ACTIVITY
Return exactly the listing's lines, from its first line to the line holding "கரை புரண்டோடுது சிரிப்பு வெள்ளம்!", ends included.

RECORDS FOR THE TASK
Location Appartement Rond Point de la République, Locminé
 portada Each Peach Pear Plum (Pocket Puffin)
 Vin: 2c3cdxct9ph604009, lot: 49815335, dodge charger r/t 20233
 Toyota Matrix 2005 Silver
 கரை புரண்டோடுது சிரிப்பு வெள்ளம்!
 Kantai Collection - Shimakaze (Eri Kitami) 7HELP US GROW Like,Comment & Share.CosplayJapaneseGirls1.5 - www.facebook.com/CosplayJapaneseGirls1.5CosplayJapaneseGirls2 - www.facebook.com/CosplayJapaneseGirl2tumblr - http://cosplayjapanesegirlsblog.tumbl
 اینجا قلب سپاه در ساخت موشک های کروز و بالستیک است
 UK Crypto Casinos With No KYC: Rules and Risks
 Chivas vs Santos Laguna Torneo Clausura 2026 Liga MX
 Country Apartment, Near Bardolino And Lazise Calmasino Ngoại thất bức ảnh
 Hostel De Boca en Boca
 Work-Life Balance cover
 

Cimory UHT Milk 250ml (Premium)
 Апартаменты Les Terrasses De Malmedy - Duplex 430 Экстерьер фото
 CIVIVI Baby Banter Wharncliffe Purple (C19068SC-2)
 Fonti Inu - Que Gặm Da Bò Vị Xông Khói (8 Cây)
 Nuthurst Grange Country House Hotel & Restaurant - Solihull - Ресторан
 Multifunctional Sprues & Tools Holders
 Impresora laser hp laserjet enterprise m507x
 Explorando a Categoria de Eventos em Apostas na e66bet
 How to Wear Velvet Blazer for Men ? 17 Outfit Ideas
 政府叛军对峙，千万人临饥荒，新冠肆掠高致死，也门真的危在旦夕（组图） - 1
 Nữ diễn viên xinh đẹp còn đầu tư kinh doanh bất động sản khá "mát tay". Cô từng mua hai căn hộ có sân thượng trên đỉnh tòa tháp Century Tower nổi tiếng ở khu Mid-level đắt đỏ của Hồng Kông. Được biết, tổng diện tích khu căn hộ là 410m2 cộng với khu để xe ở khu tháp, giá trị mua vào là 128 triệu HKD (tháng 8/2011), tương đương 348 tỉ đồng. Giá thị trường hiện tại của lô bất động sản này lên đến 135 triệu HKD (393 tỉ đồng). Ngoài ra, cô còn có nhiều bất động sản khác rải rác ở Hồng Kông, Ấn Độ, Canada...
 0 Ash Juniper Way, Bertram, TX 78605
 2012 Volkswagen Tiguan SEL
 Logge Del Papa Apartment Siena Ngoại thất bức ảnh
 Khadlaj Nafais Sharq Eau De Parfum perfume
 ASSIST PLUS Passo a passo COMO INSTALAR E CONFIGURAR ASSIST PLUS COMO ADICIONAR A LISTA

EXPECTED OUTPUT
Location Appartement Rond Point de la République, Locminé
 portada Each Peach Pear Plum (Pocket Puffin)
 Vin: 2c3cdxct9ph604009, lot: 49815335, dodge charger r/t 20233
 Toyota Matrix 2005 Silver
 கரை புரண்டோடுது சிரிப்பு வெள்ளம்!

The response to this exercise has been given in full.